A Home 3D-Printed Out of Earth? Mario Cucinella Architects Teams Up with WASP to Create TECLA

Ancient earth and 21st century technology come together as housing for the future.

The rapid uptick in populations around the world, diminishing space for housing, and growing concerns about the climate crisis and its impact on our planet’s resources have all caused designers and architects to rethink how we create homes. And while looking ahead often dictates more innovation and new technology, sometimes it also means looking back – to ancient methods and materials.  

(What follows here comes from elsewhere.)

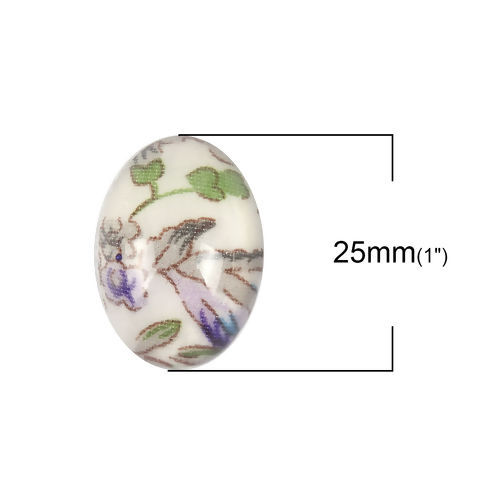 Picture of Resin Dome Seals Cabochon Oval White Flower Pattern 25mm(1") x 18mm( 6/8"), 20 PCs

Mario Cucinella Architects and WASP (World’s Advanced Saving Project) have just unveiled their TECLA - Technology and Clay - project. The world’s first sustainable housing model that has been 3D-printed entirely from local clay, this joint project demonstrates the potential for solving housing crises the world over sustainably, quickly and affordably.

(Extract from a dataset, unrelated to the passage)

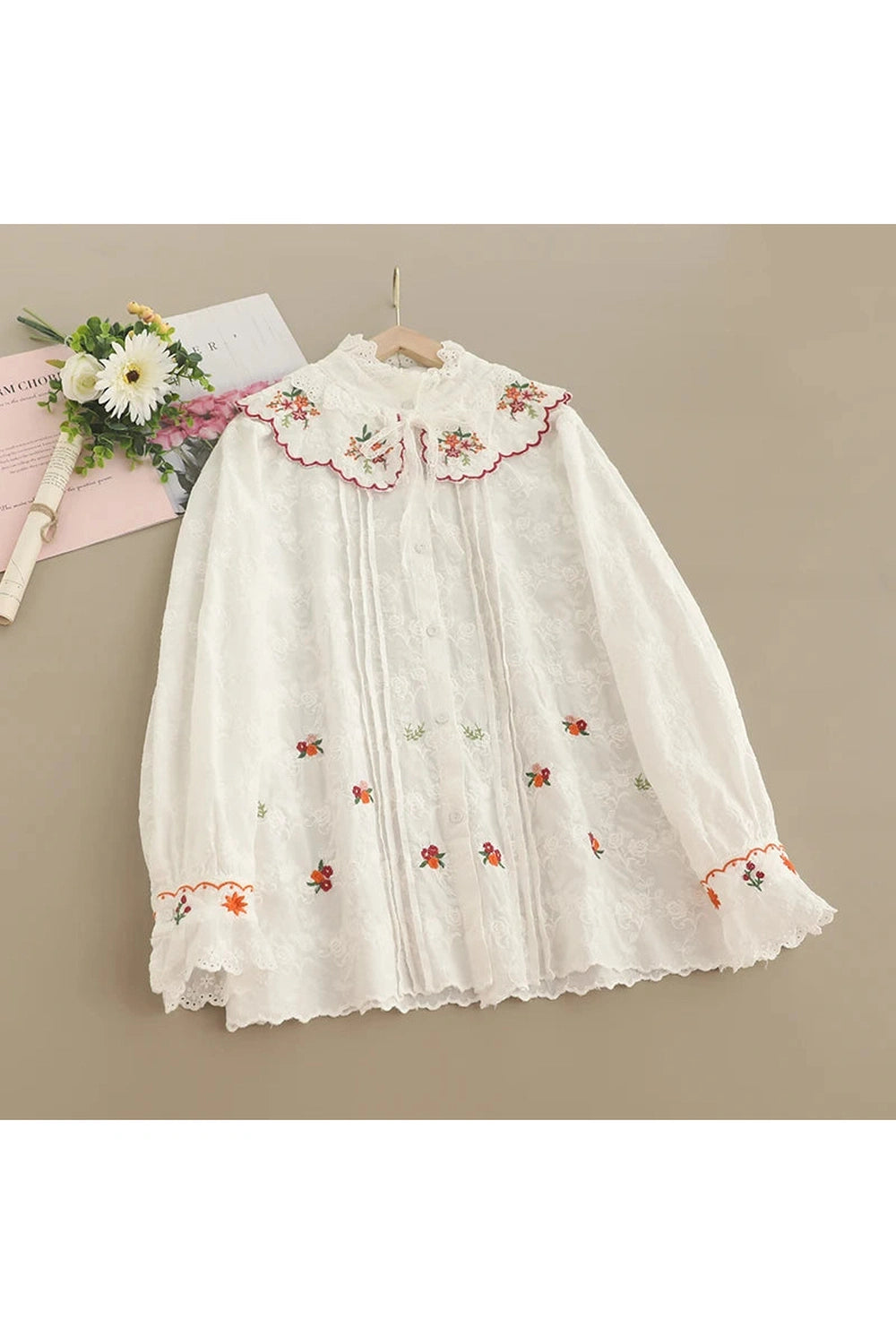 Sweet Mori Style Embroidered Shirt cottagecoreclothes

TECLA is an innovative circular model that brings together vernacular construction practices, the study of bioclimatic principles and natural and local materials. It is a nearly zero-emission project. Covering an area of about 60 square metres, TECLA comprises a living zone with a kitchen and a night zone. The furnishings are partly printed in local earth and integrated into the raw-earth structure. They are partly designed to be recycled or reused and reflect the philosophy of a circular house model. 

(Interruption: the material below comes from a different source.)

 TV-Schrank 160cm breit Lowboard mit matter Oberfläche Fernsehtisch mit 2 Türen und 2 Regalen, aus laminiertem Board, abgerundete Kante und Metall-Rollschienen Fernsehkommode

This new model was born from a research project by Mario Cucinella (founder and creative director of Mario Cucinella Architects) and the vision of Massimo Moretti (founder of WASP). TECLA is located in Ravenna, Italy, and was inspired by one of Italo Calvino's ‘invisible cities’ - the city in continuous construction. Its name emphasises this link between past and future – the combination of cutting-edge technological methods and the spirit of ancient homes. 

“We like to think that TECLA is the beginning of a new story. It would be truly extraordinary to shape the future by transforming this ancient material with the technologies we have available today,” says Cucinella. 

TECLA uses two synchronised printer arms simultaneously. Each printer unit has a printing area of 50 square metres which makes it possible to build independent housing modules in a few days (200 hours of printing) using 60 cubic metres of natural materials. 

“TECLA shows that a beautiful, healthy, and sustainable home can be built by a machine, giving the essential information to the local raw material,” says Moretti.